Dietro il campione c'è un'estinzione
mercoledì 25 settembre 2019
Si è recentemente ricordato l'anniversario di una gigantesca impresa sportiva: il 19"72 sui duecento metri di Mennea, ancora oggi, quaranta anni dopo, record europeo. Meno del dovuto, tuttavia, si è parlato di un fattore necessario a quell'impresa: il rapporto, forse unico e irripetibile, fra un uomo e il suo mentore. «Non credo nella predestinazione. I risultati si ottengono solo con molto lavoro. Nella mia carriera mi sono allenato cinque-sei ore al giorno, tutti i giorni, per trecentosessantacinque giorni l'anno, tra gare e allenamenti, per quasi vent'anni. E tutti i miei record sono venuti dopo grosse arrabbiature». Pietro Mennea, quattordicenne che sfidava per scommessa le Alfa Romeo per le strade di Barletta, trovò un allenatore, Carlo Vittori, capace di entrare in simbiosi con lui e trasformare quella ferocia agonistica in allenamenti che superavano la normale umana soglia di sopportazione. Vittori fu capace di dare un metodo a Mennea, trasformando, come farebbe un architetto con la materia prima, quella sua enorme forza di volontà in successi, quell'enorme potenziale in prestazione.
«Pietro era il peggior nemico di se stesso, perché non si amava molto, io ho imparato da lui a fare l'allenatore», diceva Vittori. Pietro Mennea e Carlo Vittori seppero dar forma a un binomio assolutamente unico, a una sorta di bisogno, l'uno dell'altro, per realizzare le rispettive missioni. Carlo Vittori, che era stato velocista all'inizio degli anni 50, da tecnico fu un innovatore, fautore di un approccio totalizzante, che prevedeva carichi di lavoro pesanti e uno spietato rigore nell'applicazione. Trovò in Mennea l'interprete ideale delle sue teorie e una volta scoccata la scintilla della comunione di intenti, la loro unione, pur con qualche inevitabile scossone, arrivò a produrre il massimo risultato immaginabile. «Io mi allenavo di più di quanto lui mi chiedesse», raccontava Mennea, esempio di atleta a cui il coach aveva insegnato a essere vero allenatore di sé, tanto da andare oltre alle sue stesse richieste.
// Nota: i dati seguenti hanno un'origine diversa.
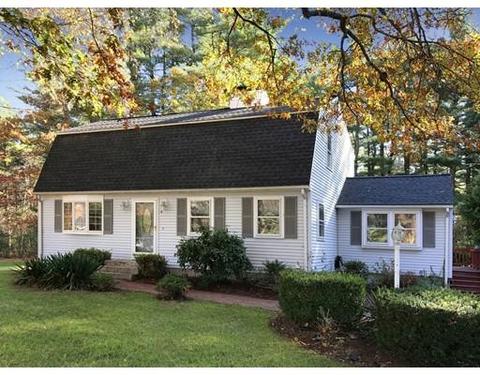9 Squibnocket Rd, Franklin, MA 02038 photo 1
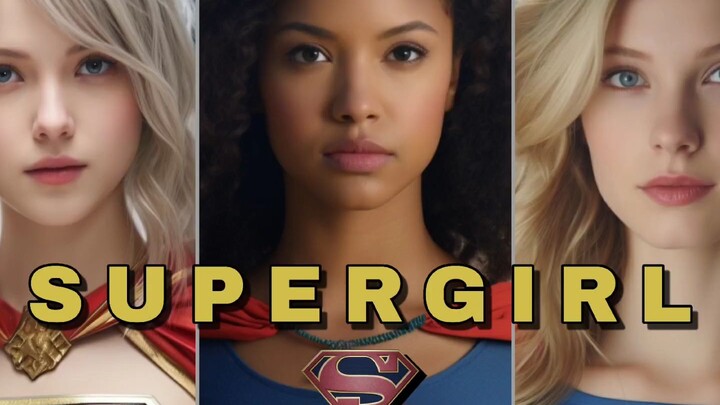 Siêu nhân nữ đến từ 70 quốc gia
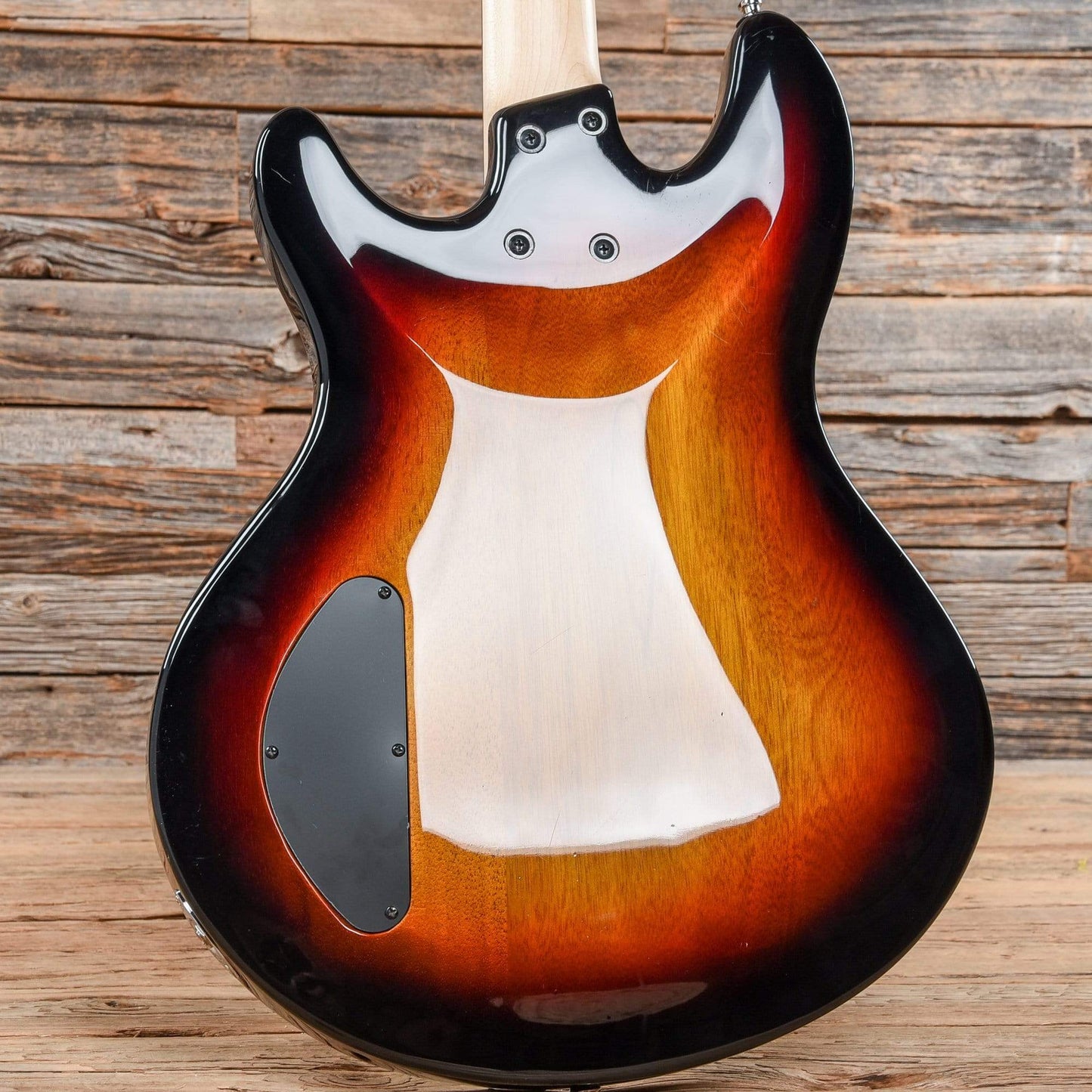 Lakland Skyline Hollowbody Sunburst Bass Guitars / 4-String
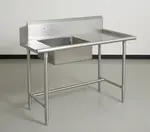 John Boos SDT6-S96SBK-R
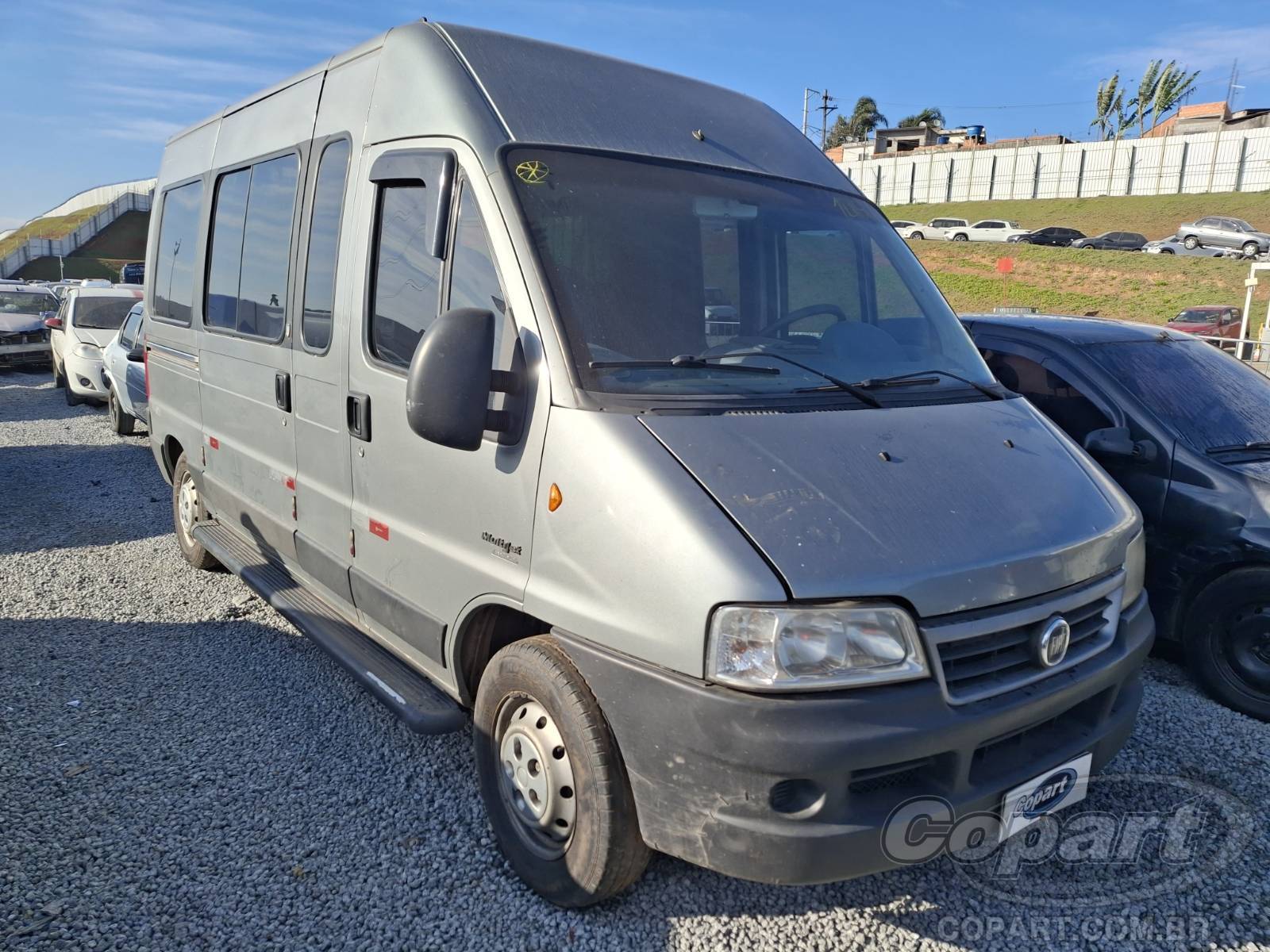 Veículo FIAT Ducato FIAT DUCATO Multi 2.3 MultiJet Economy 2012 2012 em leilão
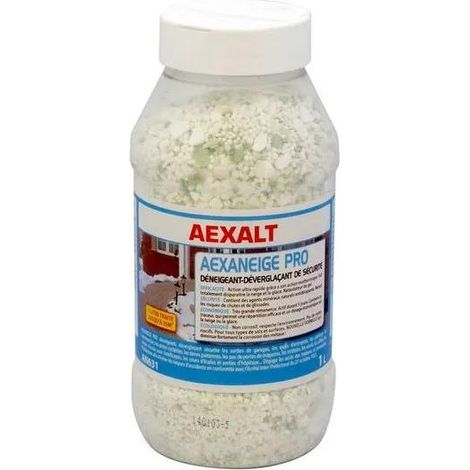 Aexalt AEXANEIGE fundente ecológico incoloro 1 L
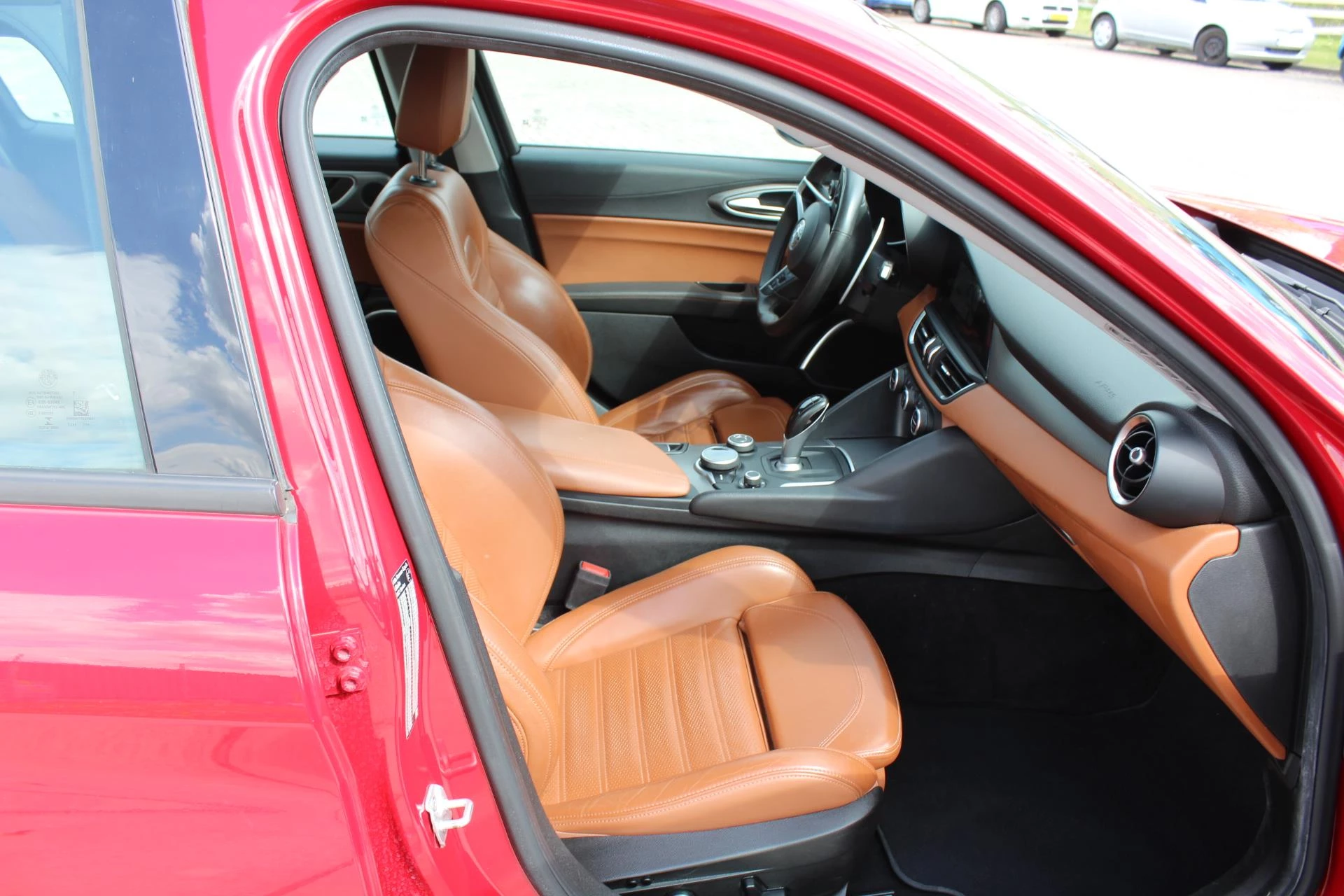 Hoofdafbeelding Alfa Romeo Giulia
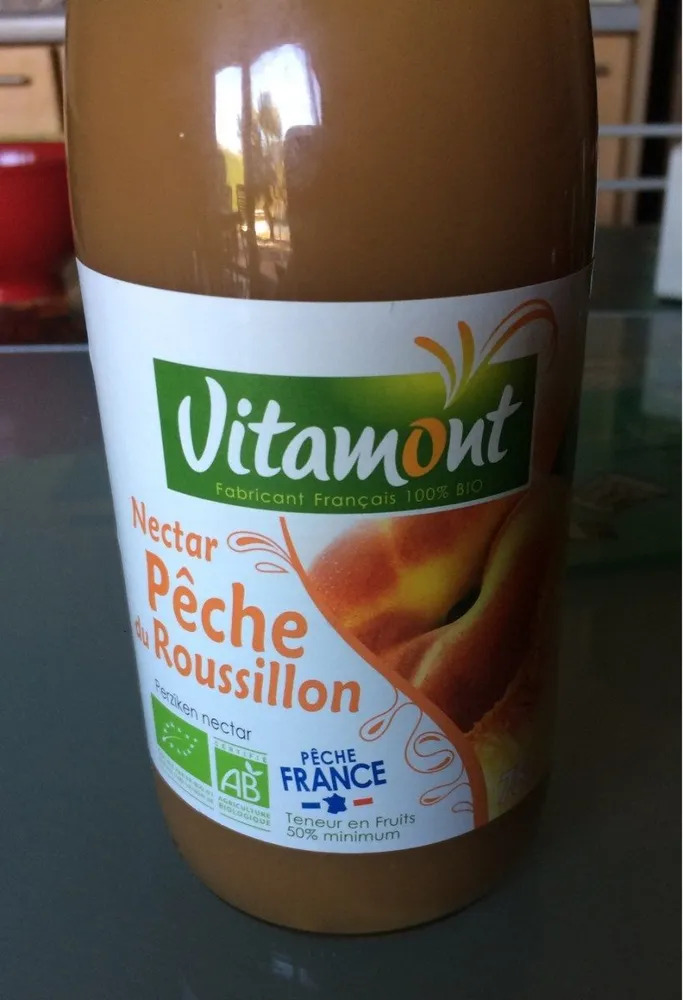 Nectar Peche du Roussillon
Per diventare il più forte velocista del suo tempo Mennea aveva deciso che se il suo allenatore gli chiedeva dieci, lui avrebbe fatto dodici.
Nella relazione, sempre unica, sempre diversa, che si innesca fra coach e coachee l'allenatore deve lavorare per la sua estinzione, investendo nella capacità di tirare fuori tutto dal suo atleta, ma restando un passo indietro. Non è un caso, ma una splendida metafora, che ai Giochi Olimpici gli allenatori non vengano premiati con la medaglia, che spetta solo agli atleti. Lavorare fino ad annullare il proprio lavoro, per tirare fuori tutto ciò che i propri atleti hanno dentro, ecco il compito ultimo: l'allenatore, quando realizza in modo perfetto il suo compito, scompare e trasforma il proprio atleta nel migliore degli allenatori possibili.
Una volta, in California, Mennea venne presentato a Muhammad Ali come «l'uomo più veloce del mondo». «Ma tu sei bianco!», sbottò il grande pugile. «Sì, ma dentro sono più nero di te», rispose Pietro, capace poi di fulminare un giornalista che, dopo avergli ricordato di quelle cinque-sei ore al giorno (di tutti i giorni, per vent'anni) passate a rincorrere Vittori che lo incitava da bordo di una Vespa, gli aveva chiesto: «Pietro, sinceramente lo rifaresti?». «Forse no», rispose, preparando teatralmente la frase che più avrebbe reso orgoglioso Vittori: «In effetti avrei dovuto allenarmi un po' di più».
Ecco spiegata, in carne, ossa e muscoli, la differenza etimologica che passa fra due verbi apparentemente simili: istruire ed educare. Istruire, dal latino in-struere, significa inserire, portar dentro ed è il gesto di chi deve riempire un contenitore. Educare deriva invece da ex-ducere che letteralmente significa tirar fuori, far venire alla luce qualcosa di nascosto. Quello di incontrare meno istruttori e più educatori è il miglior augurio che noi possiamo fare, soprattutto, ai nostri giovani.